The system is based on the following components:
- A gLite UI node
- MEG (MyProxy Enabled Gsissh)
To make use of this software you'll need these two components installed and configured - you could take NGS R&D's Prepackaged UI as a starting point.
You will need to also install mailx and sendmail if you wish to allow email notification.
Licence: BSD Licence
Download: drop-and-compute-v2_4.zip
Features
The following features have been added to the basic system from Ian:
- Support for .zip, .tar, .tgz, .tar.gz formats
- Multiple job submissions in a single archive
- Cancel/status on sub-job or whole job basis
- Email notification of completion
- Supports multiple users and pool accounts
- User's jobs are fully authenticated as the submitted user
How to use
- User uses the NGS Certificate Wizard to store a VOMS proxy (ngs.ac.uk VO) in the NGS MyProxy server, with their choice of username and password.
- The user makes a SFTP connection (e.g. with a Graphical browser such as WinSCP) to port 2223 of the node running "drop and compute" using the above username and password. The MEG software tries the username and password with the Myproxy server and if successful downloads the stored credential, this is checked using a standard gsissh server on the node to see if the user is allowed access. If so it maps the users and stores a copy of the credetinal in the standard location.
- The user can then copy a tar/tgz/zip file containing their input files and JDL files to the "drop" directory on the "drop and compute" node. The files are expanded into a unique directory and any .jdl files within the archive are submitted to the WMS.
- The system will regularly check on the jobs and when complete will retrieve the output files and move them to a sub-directory of the submit directory. There will also be a file EXIT_INFO_X.txt with a detailed log of the job.
- When all the sub-jobs from a single archive are completed an "ALL_JOBS_DONE.txt" file is produced to inform the user that the jobs are complete. If the user sent a file called "notifyme" or "notifyme.txt" within the main directory of the archive and this file contains a valid email address they are also notified by email.
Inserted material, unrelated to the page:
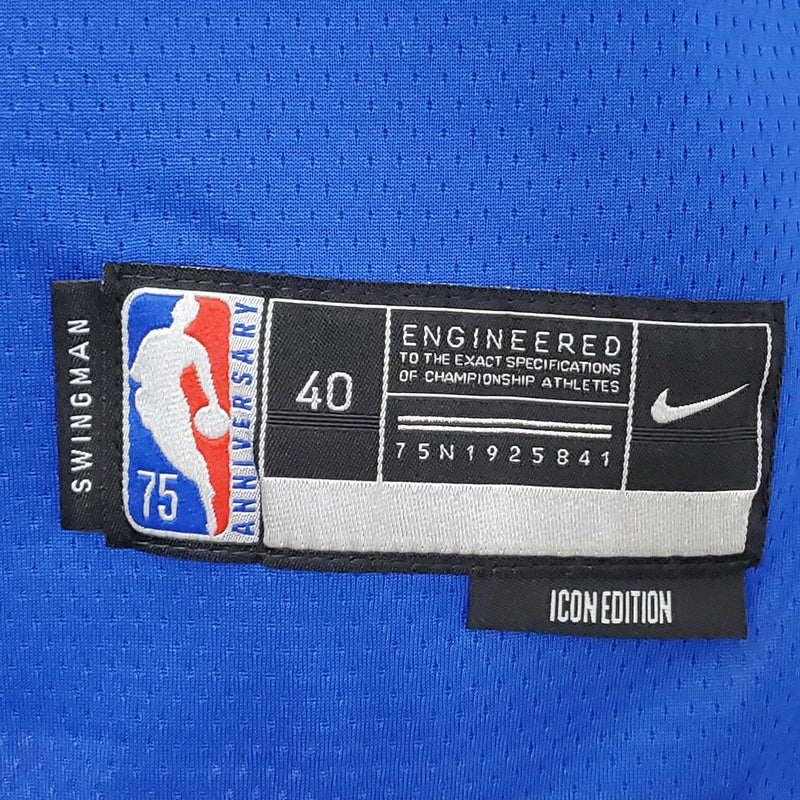 75th Anniversary Philadelphia 76ers HARDEN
- When jobs are started (step 3.) other files are produced within the expanded submit directory. These have the form X.kill and X.status; and where there are more that one job in an archive also X.killall and X.statusall. These cause the system to cancel or return status information on the corresponding sub-jobs or all jobs when they are copied to the users "drop" directory. In the case of the status commands files are produced called: QUEUEINFO-X.txt in the "drop" directory.
There is also a .cleanup file - when copied to the "drop" directory this causes all subjobs in a job to be killed and all the files/directories which contain information about the job to be deleted.
Please note the system is tolerant of the case-insensitivity of Windows/Mac systems, but if the case of the .cleanup/.kill/.status/.killall/.statusall files are changed then the files will not be recognised correctly.
- Notification of errors also occurs through such text files.
Installation
Once the pre-requisites described in the introduction are installed then simply extract the "drop and compute" distribution to a suitable directory, for example /opt/drop. Then edit the settings at the top of etc/drop. The options are as follows:
- ROOT_DIR : default /opt/drop
The place where the "drop and compute" system was extracted to. - GLITE_LOCATION : default /opt/glite/etc/profile.d/grid-env.sh
This is the location of the grid-env.sh for your gLite UI install,- for RPM installs: /opt/glite/etc/profile.d/grid-env.sh
- for tar-based UI, installed in /opt/glite: /opt/glite/external/etc/profile.d/grid-env.sh
- USER_REGEX : default "ngs[0-9]+"
This is a space separated list of user regular expressions for pulling out username which the script should process for. Note these users also need a "drop" directory. It would be worth adding this to /etc/skel - OPTIMIZE_SEARCH : default yes
This toggles faster searching - saying no is kind of a debug mode as what the scriptis doing is much more obvious, but much much slower. - ADMIN_EMAIL : default ""
This enables notifcation emails and is the address that is put in the email to users for a contact in case of emails going to the wrong person. - DEBUG : default ""
This enables more detailed logging (command output of all commands) when set to "yes".
Finally copy the etc/drop script to /etc/init.d and use commands similar to the following(for RedHat/SL/CentOS) to start the service:
service drop start chkconfig drop on
The log files are in /opt/drop/log/drop.log and are verbose.